Paying for those things is a company's way of passing the employee some cash-value compensation without it being considered taxable income. So, add 20%-30% (depending on your personal tax rate) to the cost and consider that as have been subtracted from your pay package... consider yourself insulted.
I consistently insisted that my cell phone not be listed in the company employee directory. I threatened to change the number when once it was listed. If someone needed me over a weekend, they could call my home, and if I didn't answer, then tough. If the company wanted to pay for my cell phone service, THEN they could reach me after hours.
Don't give in on this issue. Do you really want your employer to have you at their beck and call 24/7 on your dime?
Yes you should be happy to do it, if you were a happy employee. Simply outline that while they want you to innovate, to give your all for the company, to make them better than their competitors, then they should be willing to do the same for you.
Tell them that if they treat you 'competitively' to what other companies are doing, then you will either work as hard as other employees or find a company that treats you better than they do.
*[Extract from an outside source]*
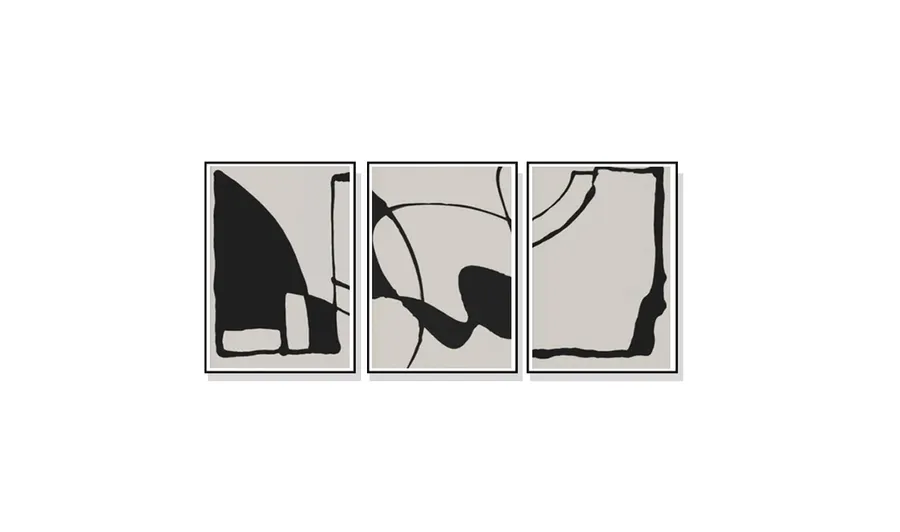 Set of 3 Abstract Black Beige Wall Art Canvas 3 sizes available 60cm x 40cm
We are going through the same thing here, and there is nothing worse than cutting back on employee benefits, pay, and perks and justifying it by saying 'we are doing what everyone else is doing'.
It'd probably help if everyone did it, but if they won't pay for it I don't use it for business. Not that I'd ever get rid of my broadband at home but that's another matter.
My employer will pay for broadband, cell phone but not pager (what's the point? text messages cover paging) for employees it considers mobile which is almost everyone outside of our main sites. Some areas even get better broadband rates because of deals negotiated due to the amount of employees we have.
As a rock-in-roll Physicist once said, No matter where you go, there you are.
Your CIO sounds like an asshole. "Dedicated" means dedicated to the work, not dedicated to spending money for your own company. (Hint to CIO: People work to get paid money. Not to spend money for their employers.) If the company needs you to have internet access to do your job, they should pay for it.
Any company which demands you restructure your own personal finances in order to be able to afford an internet connection that they require you to have had their head up their ass. Your personal finances are none of their fucking business. I realize it's much easier said than done, but if I were in your position and had such demands placed on me, I'd quit.
Put this arrogant prick in his place. All of you should collectively refuse to pay for broadband yourselves, and let him see how "productive" you are without his help. It is not your reponsiblity to spend your own money for "the good of the company."
What a crock of shit.
The place you're working for is a sinking ship ... they've run out of cash, and they're trying to download the costs of doing business on to their employees. Having lived through the dot.com bomb, I've seen this thing a half dozen times. If you don't play ball, you'll get bad reviews, and you'll eventually be dismissed for your "poor attitude".
Better start looking for a new gig.
S
Now our new CIO has elected to stop that benefit using the argument that we should be dedicated staff who desire to be responsive and should do what it takes to make that happen. The rumor now is that we should also pay for blackberries, cell phones and pagers.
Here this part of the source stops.